Has anyone attempted to perform OCR with CF? I have been tasked with extracting the text from a faxed image file (TIF).   Are there any open source OCR APIs to integrate with CF? 

This topic has been closed for replies.

3 replies

Participant
January 5, 2024

Here's what worked for me:

 

Download tesseract ocr, it's free and open-source:  https://tesseract-ocr.github.io/tessdoc/Downloads.html

 

Then in cfscript:

public function ocr(FilePath) {
    ocrtext = "";
    cfexecute(
        name=full_tesseract_filepath
        arguments="""" & FilePath & """ stdout"
        variable="ocrtext",
        timeout="10"
        );
    return ocrtext;
}

Note:  full_tesseract_filepath is usually "C:\Program Files\Tesseract-OCR\tesseract.exe" on windows machines. 

Participant
January 5, 2024

Oops:  missing a few columns on that function call, it should be:

cfexecute(
    name=full_tesseract_filepath,
    arguments="""" & FilePath & """ stdout",
    variable="ocrtext",
    timeout="10"
);
EddieLotter
Inspiring
January 5, 2024

Note that to avoid clumsy double quotes and concatenation you can change the arguments parameter syntax to the following:

arguments='"#FilePath#" stdout',

It's easier to read. 

Participant
November 21, 2017

You will likely not find a free OCR platform out there.

However my company wrote a Coldfusion and Java integration for Google Cloud Vision (also referenced above).

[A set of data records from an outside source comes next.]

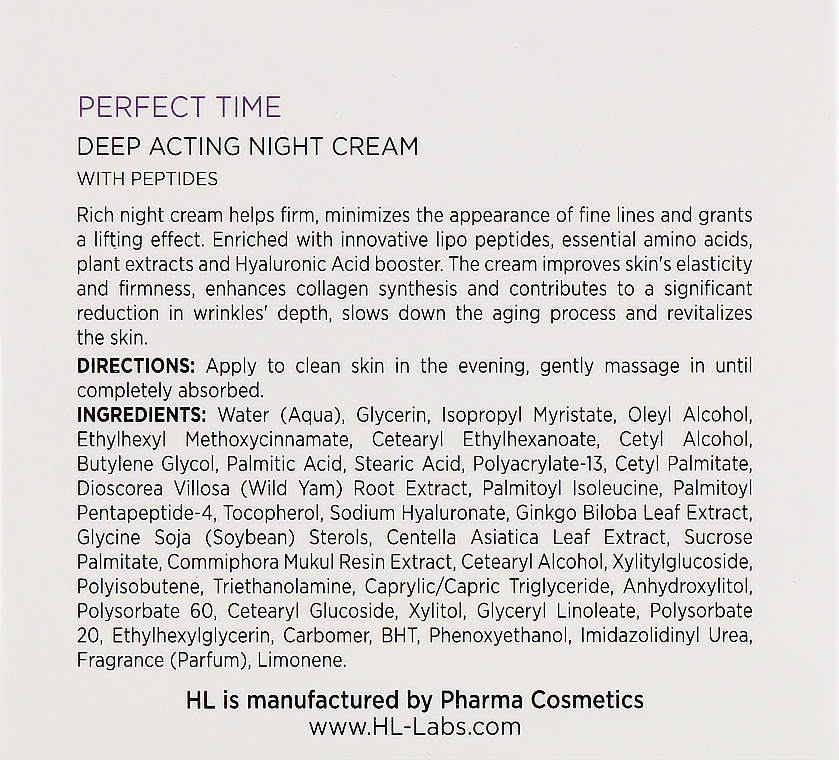 Gesichtscreme für die Nacht - Holy Land Cosmetics Perfect Time Deep Acting Night Cream — Bild N3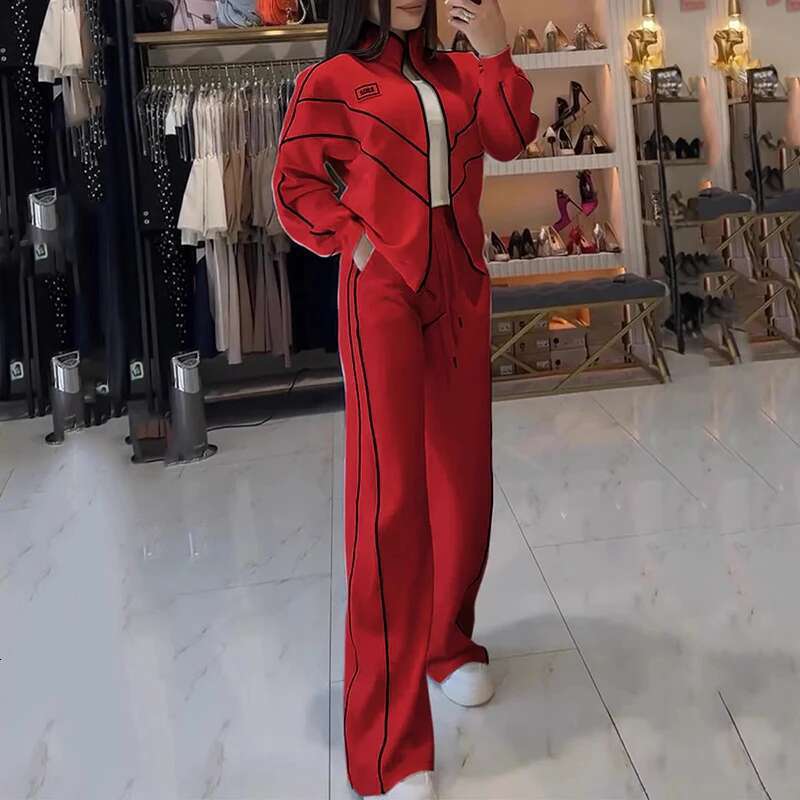 Spring Autumn Two-Piece Women Stand-Up Collar Long Sleeve Zipper Coat+High Waist Lace Up Straight Wide Leg Pants Set Outfits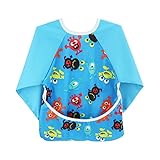 Hi Sprout Unisex Infant Toddler Baby Super Waterproof Sleeved Bib, Reusable Bib with Sleeves& Pocket, Multi Patterns, 6-24 Months (monster story)
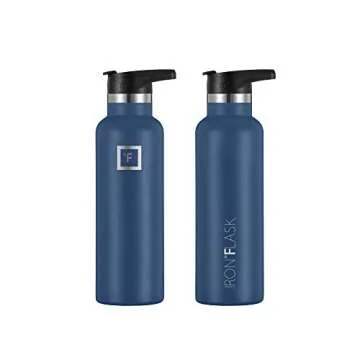 IRON °FLASK Camping & Hiking Hydration Canteens - 3 Lids (Narrow Straw Lid) Leak Proof Vacuum Insulated Stainless Steel - Hot & Cold Double Walled Sports Water Bottle - Twilight Blue, 20 Oz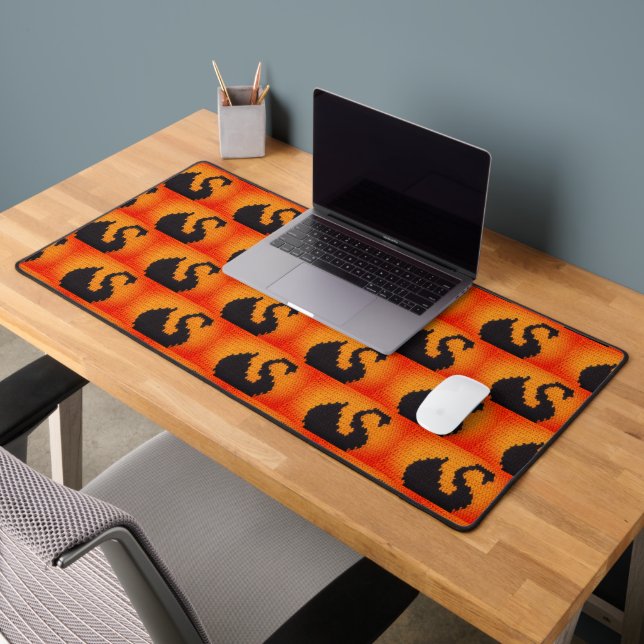 Black Swan Profile in Sunset Artisan Crochet Print Desk Mat (Office 2)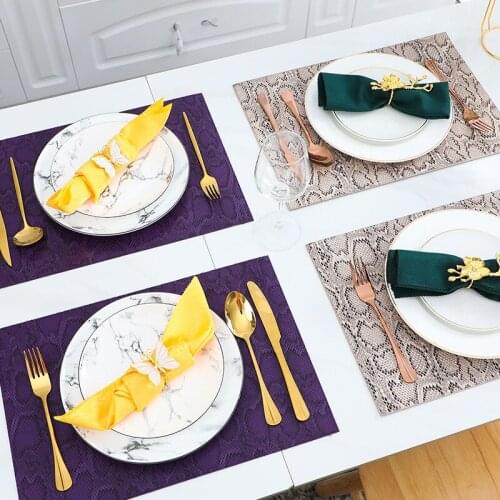 Snakeskin pattern Double leather Placemat Insulation pads Nordic Western placemat thickened waterproof table mat wholesale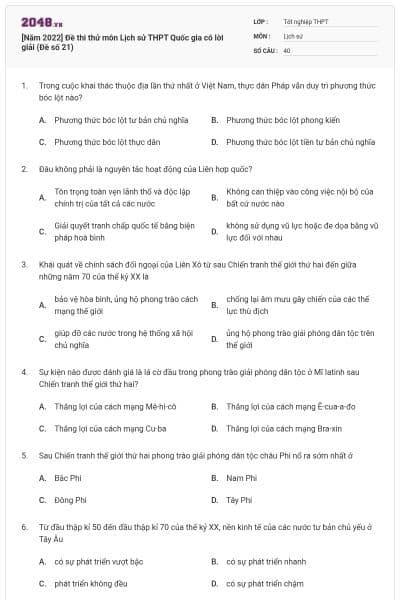 [Năm 2022] Đề thi thử môn Lịch sử THPT Quốc gia có lời giải (Đề số 21)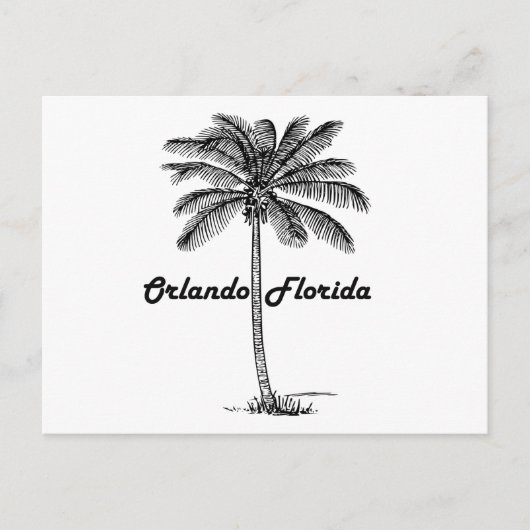 Schwarz-Weiß-Orlando- und Palmdesign Postkarte (Vorderseite)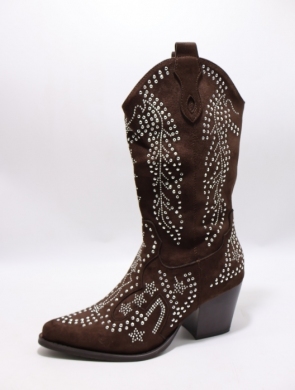 Kozaki damskie na obcasie (36-41) DF052 BROWN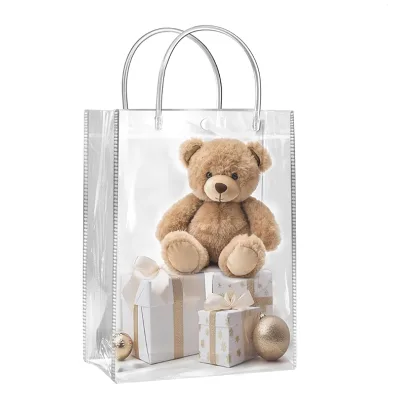 Wholesale New Small Water Resistant Foldable Portable Button Closure PVC Tote/Gift Bag with Hand Length Handle Clear Packaging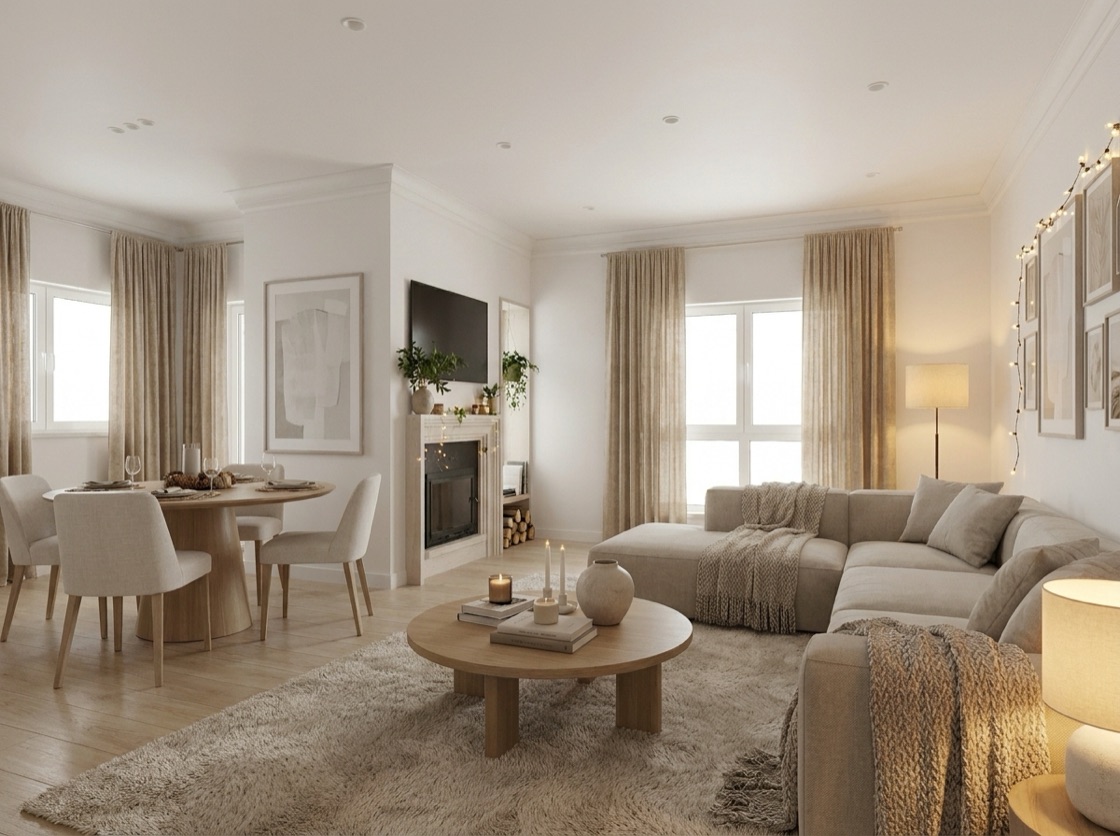 The same room, fully restyled and furnished by Spaces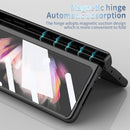 For Samsung Galaxy Z Fold3 5G Electroplating Hinged Folding Phone Case with S Pen Fold Edtion(Black)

You would obviously still need to pay for the usage on Cloud Vision

https://github.com/Construction-Monitor/coldfusion-vision-api

Participant
November 21, 2017

Also as a note, you mention you have TIF images, as far as I am aware you can't send TIF images in directly, so you would need to convert them to JPEG first. My recommendation for that would be to fall back to command line tools like GraphicsMagick as their performance is much better then Coldfusion's built in image tag.

Participant
November 21, 2017

Thanks Daniel,

I went ahead and purchased an SDK and combined with a DLL I created to communicate with CF in which converts image to text via the CFOBJECT. Thanks for your input .

Participant
November 20, 2017

The Google Cloud Vision API can extract text from an image or PDF file. 

https://cloud.google.com/vision/

WolfShade
Legend
November 20, 2017

rbuong, that is neither open-source, nor ColdFusion.

armandof44358221​, I did a quick Google search, and found a blog entry from 2009 that might get you started on the right path.

http://coldfusion.sys-con.com/node/1173727

HTH,

^ _ ^

UPDATE:  Okay.. it's not CF, but it is an API that can be used from CF (ColdFusion or ColdBox).  However, it is a commercial API, and not free.  You will be charged anywhere from US$1.50 to US$3.50 per 1,000 API calls, depending on what you are trying to do with it.